Data entries
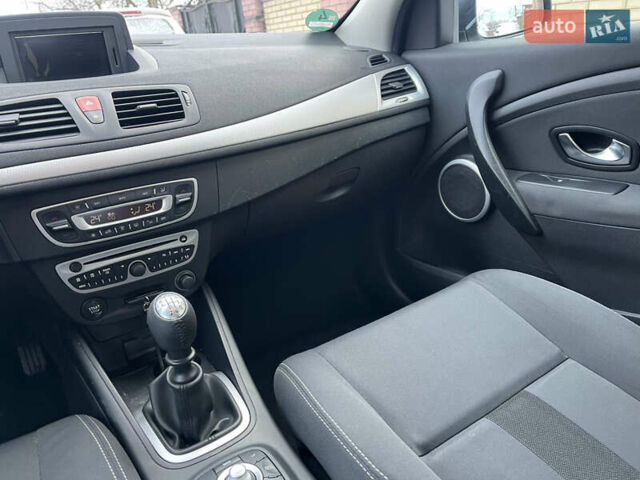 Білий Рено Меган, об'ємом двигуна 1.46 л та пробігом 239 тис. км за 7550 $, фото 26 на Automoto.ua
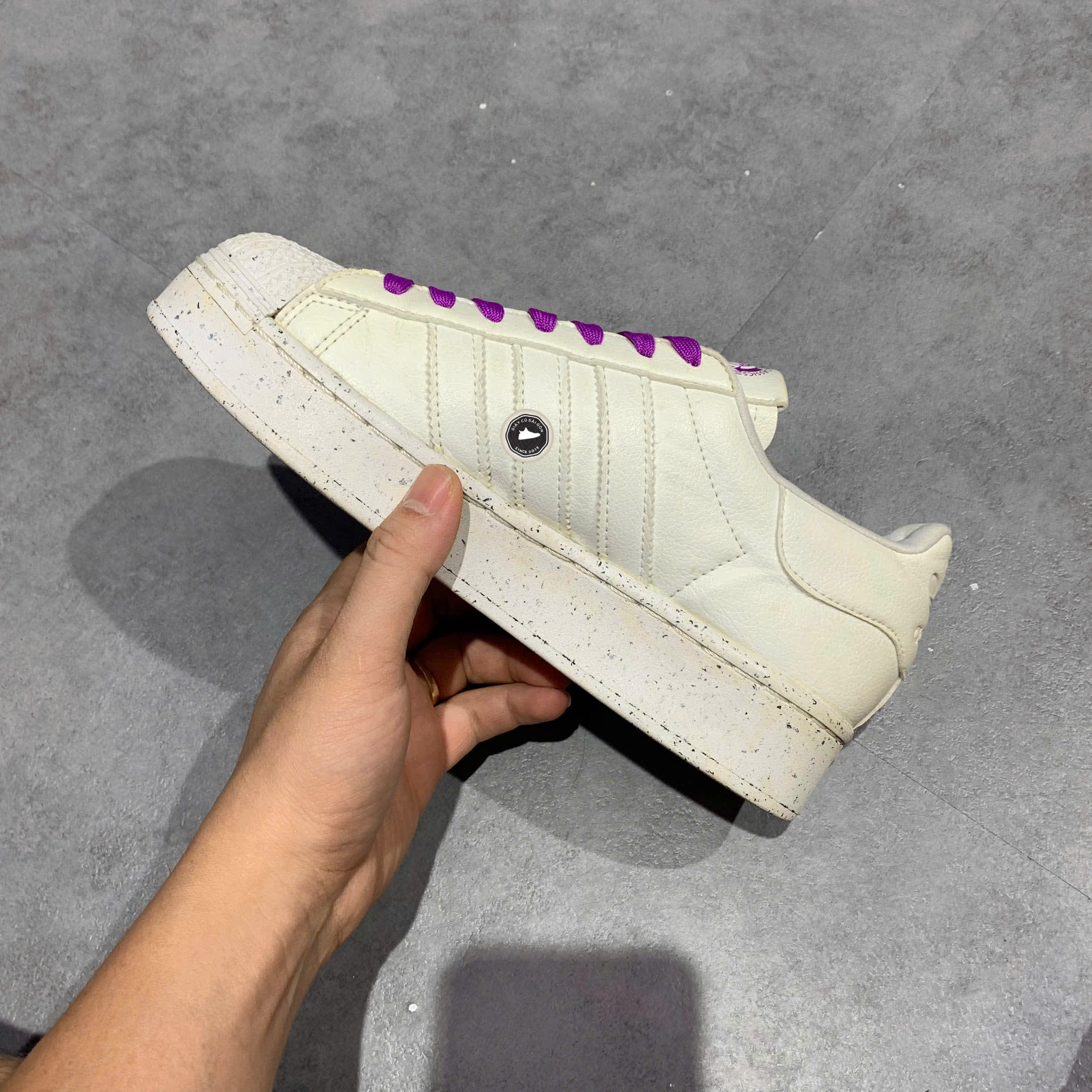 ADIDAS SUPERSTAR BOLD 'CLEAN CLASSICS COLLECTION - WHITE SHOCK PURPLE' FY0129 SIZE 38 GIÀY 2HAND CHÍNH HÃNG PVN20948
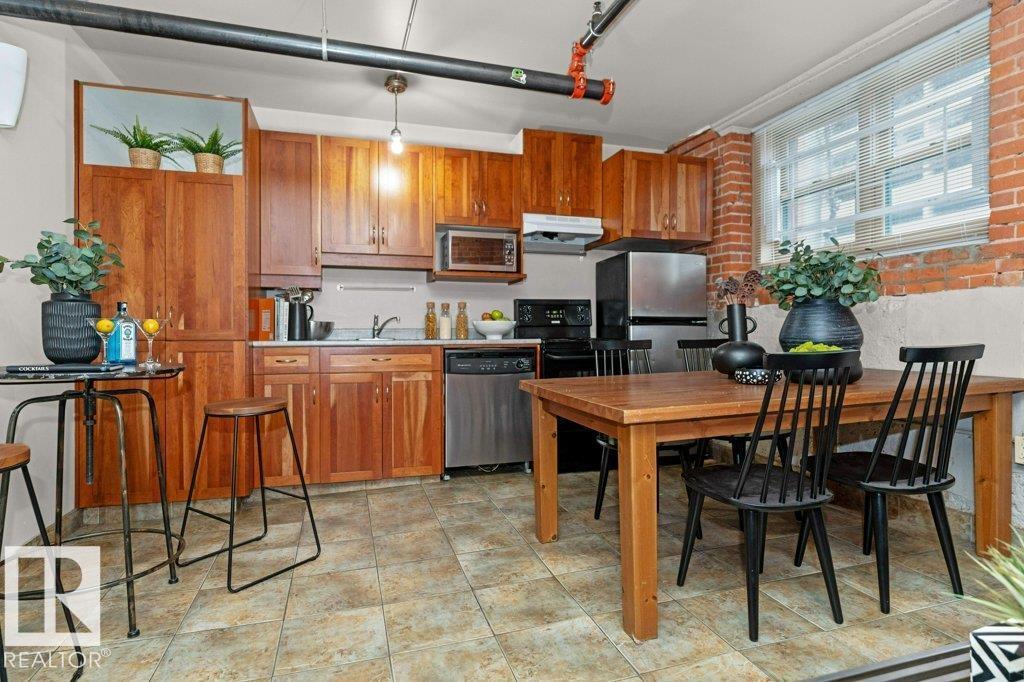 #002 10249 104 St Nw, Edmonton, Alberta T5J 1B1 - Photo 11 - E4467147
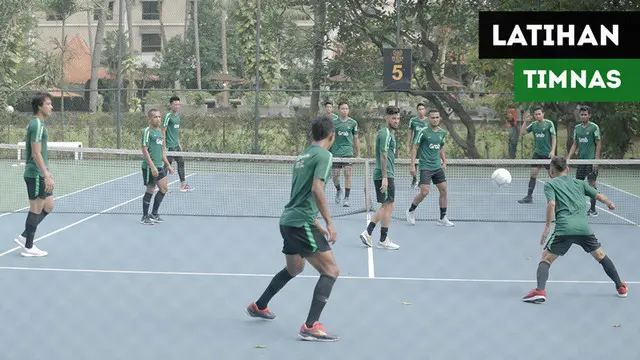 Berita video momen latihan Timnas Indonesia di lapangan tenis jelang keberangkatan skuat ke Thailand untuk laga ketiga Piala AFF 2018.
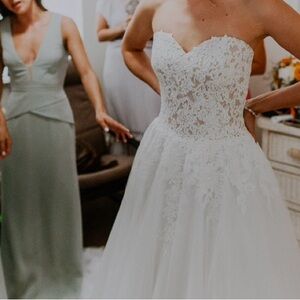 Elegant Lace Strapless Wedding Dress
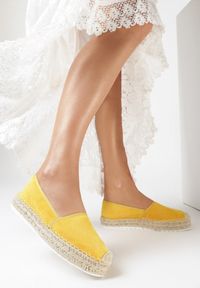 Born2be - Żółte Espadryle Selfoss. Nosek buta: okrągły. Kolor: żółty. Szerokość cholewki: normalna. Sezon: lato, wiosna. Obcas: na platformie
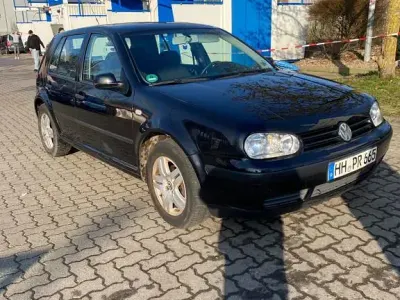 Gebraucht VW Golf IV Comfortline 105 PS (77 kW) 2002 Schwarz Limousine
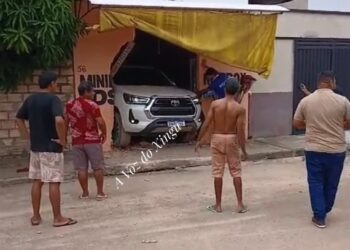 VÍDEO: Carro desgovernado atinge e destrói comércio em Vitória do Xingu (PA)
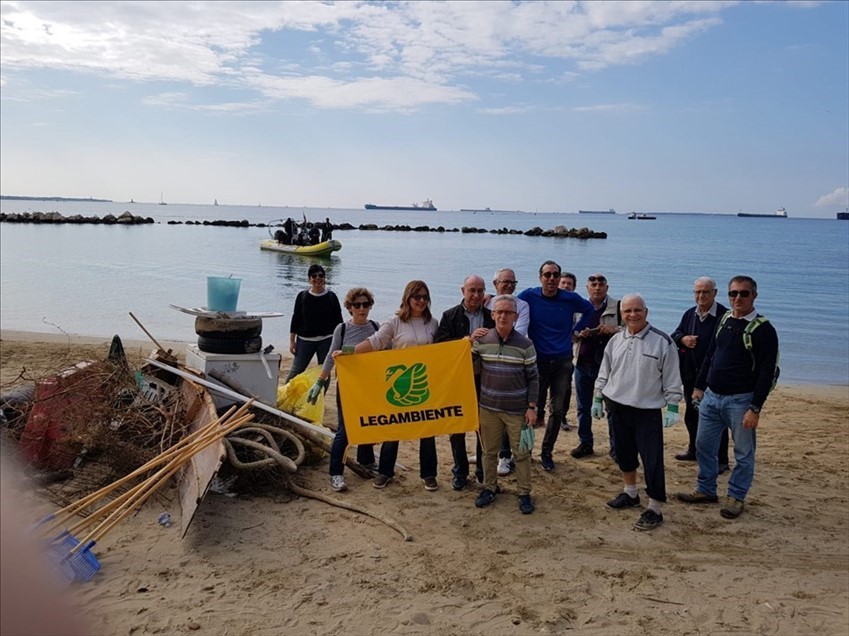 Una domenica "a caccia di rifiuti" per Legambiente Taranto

§ Exercise: Here the job is to retype exactly the lines that start at the one containing "#002 10249 104" and run through the end of the records above, leaving out pictures.

§ Expected output:
 #002 10249 104 St Nw, Edmonton, Alberta T5J 1B1 - Photo 11 - E4467147
 Berita video momen latihan Timnas Indonesia di lapangan tenis jelang keberangkatan skuat ke Thailand untuk laga ketiga Piala AFF 2018.
 Elegant Lace Strapless Wedding Dress
 Born2be - Żółte Espadryle Selfoss. Nosek buta: okrągły. Kolor: żółty. Szerokość cholewki: normalna. Sezon: lato, wiosna. Obcas: na platformie
 Gebraucht VW Golf IV Comfortline 105 PS (77 kW) 2002 Schwarz Limousine
 VÍDEO: Carro desgovernado atinge e destrói comércio em Vitória do Xingu (PA)
 Una domenica "a caccia di rifiuti" per Legambiente Taranto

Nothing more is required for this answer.